Londra Müzesi site planları, halihazırda orada olanlarla olan bu yakın bağlantıdan faydalanacaktır; bu, eski bir yükseltilmiş demiryolundan esinlenen bir park olan High Line’ı böylesine ilham verici bir yer haline getiren türdendir. Mevcut tasarımların Barbican’ın zarif düzenlemesiyle çok az ilgisi var ve bitkilerin olası olmayan yerlerde büyüme yetenekleri konusunda yüksek derecede iyimserlik gösteriyor. Daha sakin ve daha akıllı mimari, yeşil alanların söz verildiği gibi çalışmasına yardımcı olacaktır.

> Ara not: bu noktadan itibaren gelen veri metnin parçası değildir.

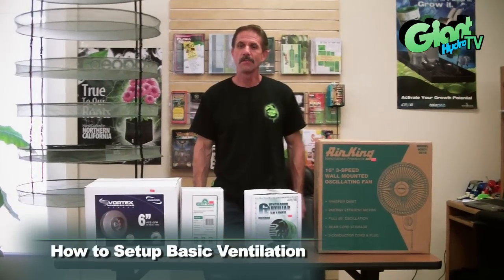Hi, it's Bill with GiantHydro.com, and today we're going to talk about ventilation. So if you're growing indoors, you need ventilation.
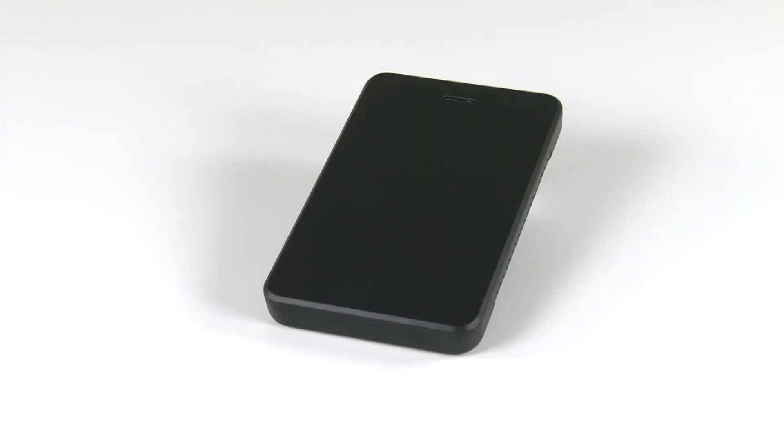Hello and welcome to the OWC instructional series of videos. In this installment, we'll show you how to install a two and a half inch drive in the 2015 revision of the OWC Express external drive enclosure. We've already gathered our materials and are working on a soft, static-free work surface. We are now ready to begin.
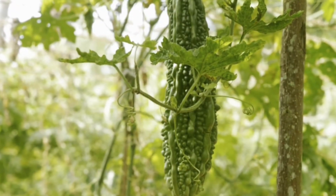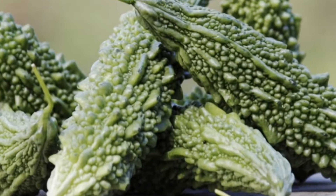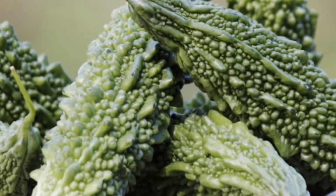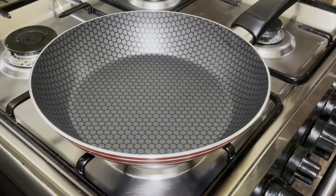Hi everyone. Today we will cook one of a tropical vine vegetable known as bitter gourd or bitter melon. It has a sharp flavor and distinct appearance, and has been associated with several impressive health benefits. It is a good source of nutrients like vitamin A, vitamin C, folate and fiber. Let's get started.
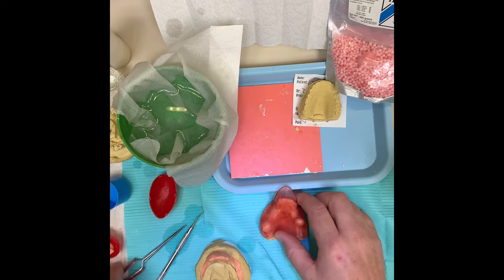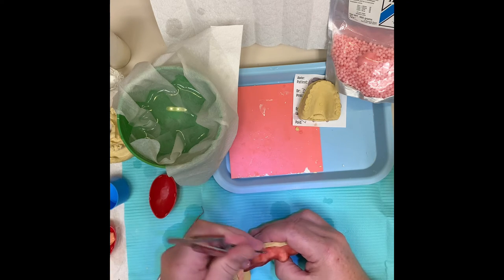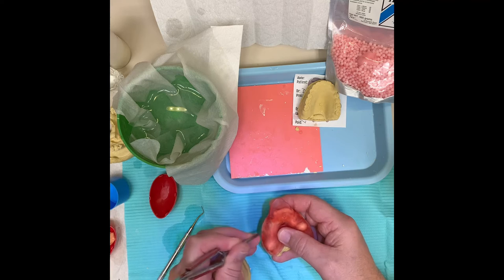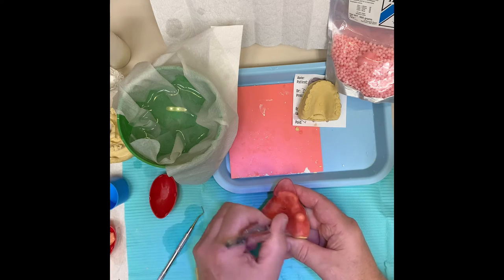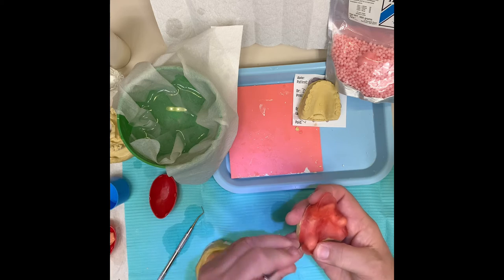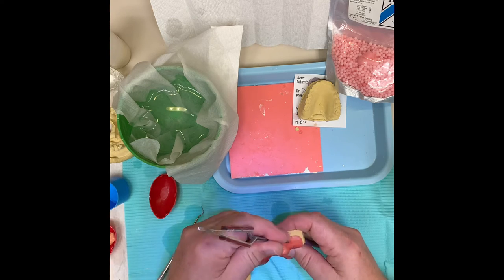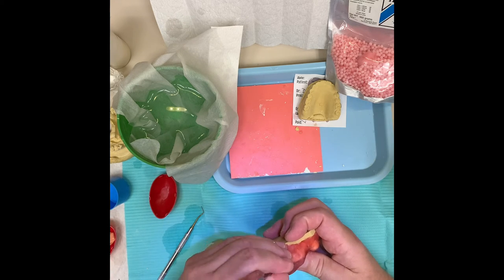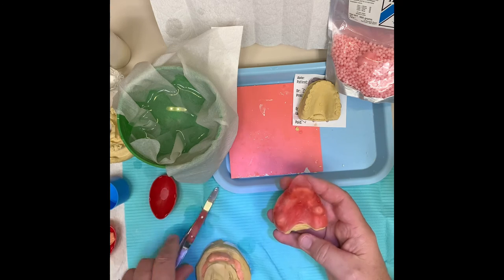If you want to make a perforated tray, just take a blunt instrument and kind of score the model. You can do this after as well. I like to do it now and then go through with a low-speed round burr on a lab drill and drill through the tray, but it's good to have these preliminary holes while it's soft so you don't have to do as much drilling. You can use the same holes and just open them up a little bit after the material has hardened.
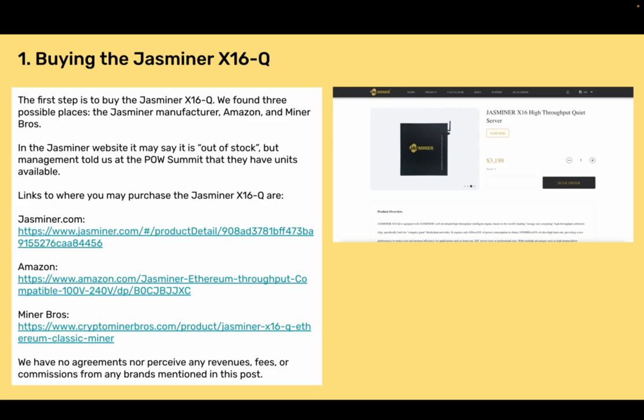On the Jazzminer website it may say it is out of stock, but management told us at the Proof of Work Summit that they have units available. Links to where you may purchase the Jazzminer X16Q are Jazzminer.com, Amazon, and Miner Bros. We have no agreements nor receive any revenues, fees, or commissions from any brands mentioned in this post.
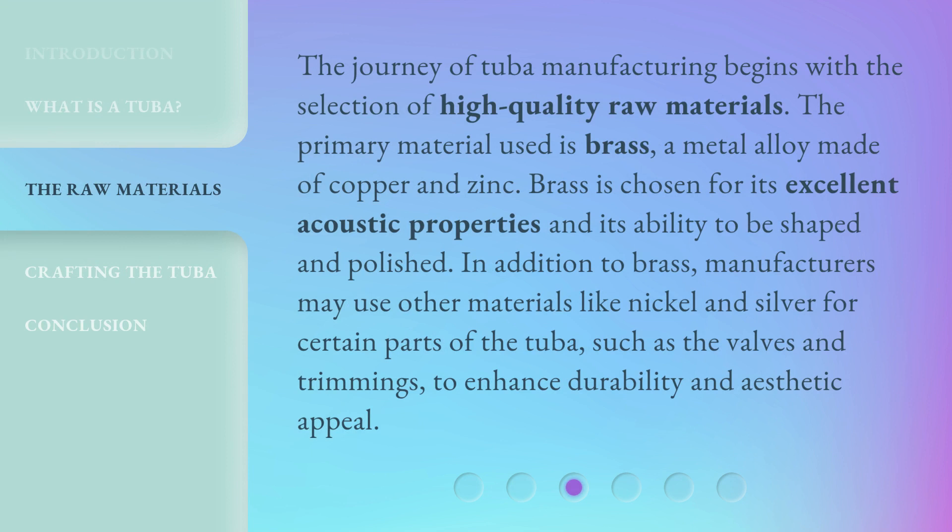The journey of tuba manufacturing begins with the selection of high-quality raw materials. The primary material used is brass, a metal alloy made of copper and zinc. Brass is chosen for its excellent acoustic properties and its ability to be shaped and polished. In addition to brass, manufacturers may use other materials like nickel and silver for certain parts of the tuba, such as the valves and trimmings, to enhance durability and aesthetic appeal.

Tasarımların arkasında elbette para sorunları var ve şehir, yeni ve geliştirilmiş bir Londra Müzesi ile Barbican’da bazı iyileştirmelerin finanse edilmesine yardımcı olmak için bu siteden kazanmayı umduğu on milyonlara ihtiyacı olduğunu söylüyor. Ancak daha az abartılı mimari daha ucuz olacaktır. Yeni gelişmeye vaat edilen gizemli kültürel kullanımlardan da tasarruf yapılabilir: hem yerel hem de küresel fiziksel çevre daha önemlidir.